The continuous gas-phase (P = 1 atm; T = ₃₇₃ K) hydrogenation of 3-butyn-2-ol has been investigated over Pd/Al₂O₃ and Ni/Al₂O₃ prepared by incipient wetness impregnation and Pd–Ni/Al₂O₃ (Pd/Ni mol ratio = 1:1) synthesized by co-impregnation. A physical mixture (Pd/Al₂O₃ + Ni/Al₂O₃; Pd/Ni = 1:1) is also considered for comparison purposes. H₂ temperature-programmed reduction (TPR) results are consistent with a lower temperature requirement for the reduction of palladium and nickel in the bimetallic catalyst relative to the monometallic counterparts.
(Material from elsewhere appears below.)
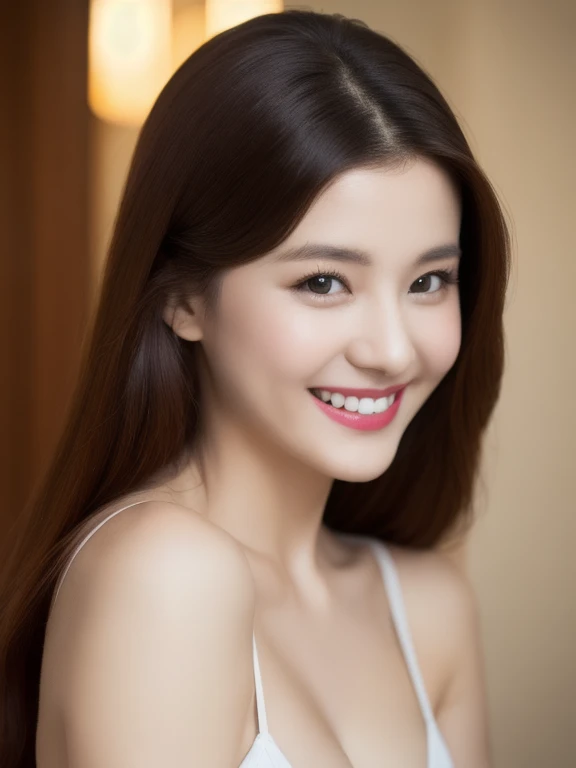 (realistic、masterpiece、Best Quality、8K、highres、high resolution:1.3)、1 glasses girl、Huge breasts、smile、white bikini、straight white teeth、looking at viewers、super fine face and eyes、long hair、indoor、 upper body、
The Pd/Al₂O₃ catalyst exhibits a narrow metal particle size distribution (mean = 20 nm) while Ni/Al₂O₃ and Pd–Ni/Al₂O₃ bore larger particles (mean = 28 ± 2 nm). TEM–EDX, XRD, and XPS measurements are consistent with a palladium surface-enriched Pd–Ni bimetallic phase. Ni/Al₂O₃ promoted exclusive −C≡C– group hydrogenation to generate 3-buten-2-ol (partial reduction) and 2-butanol (complete reduction). Pd/Al₂O₃ exhibited a greater H2 uptake and delivered a higher 3-butyn-2-ol transformation rate, yielding 3-buten-2-ol, 2-butanol, and 2-butanone through hydrogenation and double bond migration. An equivalent H₂ uptake, rate, and product distribution were delivered by Pd/Al₂O₃ and the Pd/Al₂O₃ + Ni/Al₂O₃ system, where the catalytic response was controlled by the palladium component. In contrast, we recorded a higher hydrogen chemisorption on Pd–Ni/Al₂O₃ (vs Pd/Al₂O₃) and catalytic activity with an enhanced selectivity to 3-buten-2-ol (up to 95%). We linked the distinct response over Pd–Ni/Al₂O₃ to the formation of bimetallic Pd–Ni as proven by TPR, XRD, TEM–EDX, and XPS analyses. A parallel/stepwise kinetic model has been used to quantify the catalytic hydrogenation response.